I've written some code to deal with this before (in my case, I wrote a distributed timer for cycle races, predicting current rider locations and gaps from sparse user reports). For me, finding nearest point on the segments of the polyline worked, but choosing only vertices would have made the time estimates terrible. Were the points somehow more fixed than that, eg towns/motels on the route?
Good point. I'm not sure off the top of my head if Shapely has a specific function for what you're trying to do. It does have highly-optimized distance functions though. Might be interesting to compare those to your version.
One way I've approached this problem that seems pretty fast is to load a set of points into a PostGIS-enabled database, then use the `ST_Distance` function and order by distance.
[Edit]
Shapely solution:
points = MultiPoint(((0, 0), (1, 1), (4, 4)))
point = Point((3, 3))
sorted(((p, p.distance(point)) for p in points), key=lambda item: item[1])
An alternative solution that I discovered a year ago. My problem was that I had a list of 2D points lying in an image. I wanted to calculate the distance to the nearest point for every pixel - somewhat similar to a Voronoi diagram except I needed the distances as well as the cells.
When I asked Stackoverflow, having tried Kdtree, someone suggested a simple brute force solution in OpenCL (using the pyopencl library):
More seriously, are you unhappy with the default layout of developerWorks blogs? What change do you suggest? Not that I am in any way responsible for it, but I can certainly pipe your suggestions to the power that be.
As long as you're taking suggestions - i would like to see bigger fonts, syntax highlighted code and maybe more color contrast between sidebar/top/comments and the main content.
On a retina screen, 12px is practically unreadable, particularly in Helvetica Neue, which is quite a light font. To be honest, IBM's site has had tiny fonts for as long as I can remember, they just become more problematic as resolutions increase over time.
Maybe I should get into the habit of doing that, then.

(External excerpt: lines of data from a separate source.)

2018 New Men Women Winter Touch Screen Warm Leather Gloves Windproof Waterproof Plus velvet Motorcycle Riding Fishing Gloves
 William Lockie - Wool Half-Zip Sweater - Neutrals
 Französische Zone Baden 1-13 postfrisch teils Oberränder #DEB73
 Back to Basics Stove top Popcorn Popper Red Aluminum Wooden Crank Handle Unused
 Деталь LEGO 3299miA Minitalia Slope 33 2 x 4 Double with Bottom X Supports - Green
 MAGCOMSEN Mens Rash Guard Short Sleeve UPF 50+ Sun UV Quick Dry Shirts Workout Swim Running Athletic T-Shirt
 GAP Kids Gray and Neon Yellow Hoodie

I've only ever felt the need to do it for one site before (Daring Fireball which uses an unbelievable 11px font!), and I've been put off in the past by the inferior behaviour of zoom as opposed to text size (which now seems to not even be available in Chrome). Minimum font size would be a good workaround if it didn't apply to the developer console, which is pretty crazy.
Note that you execute C code anyway when you use Python standard implementation (CPython). Point is to use the best C code you can get with limited effort.
> The lesson is clear: do not write Python code as you would do in C. Use numpy array operations rather than iterate on arrays. For me it meant a mental shift.
This was actually one of the main motivators for me to learn Julia. No need to vectorize loops. Looping through things is idiomatic Julia code that the compiler knows what to do with.
> The lesson is clear: do not write Python code as you would do in C. Use numpy array operations rather than iterate on arrays. For me it meant a mental shift.
I think the lesson is that "performance critical software requires attention to very many specific details." Using a garbage collected language that allocates objects on the heap by default means that you'll have to take special steps to change the default behavior of the system. You will see very similar behavior with C++, Java, etc.
> I didn't use Pypy so far because it only supports part of Numpy, and not Pandas, Scipy, and Sklearn. It may be that Pypy supports enough of Numpy to run my closest distance code though. If that's the case, then I'll blog about it soon.
I'll confess, I was eagerly waiting the pypy results. IMO using pypy means I get the best of both worlds: more code that can be naively python with python idioms and still yield sufficient performance. For critical algorithms where I can't hit sufficient performance, it's appropriate to use cffi or something to optimize.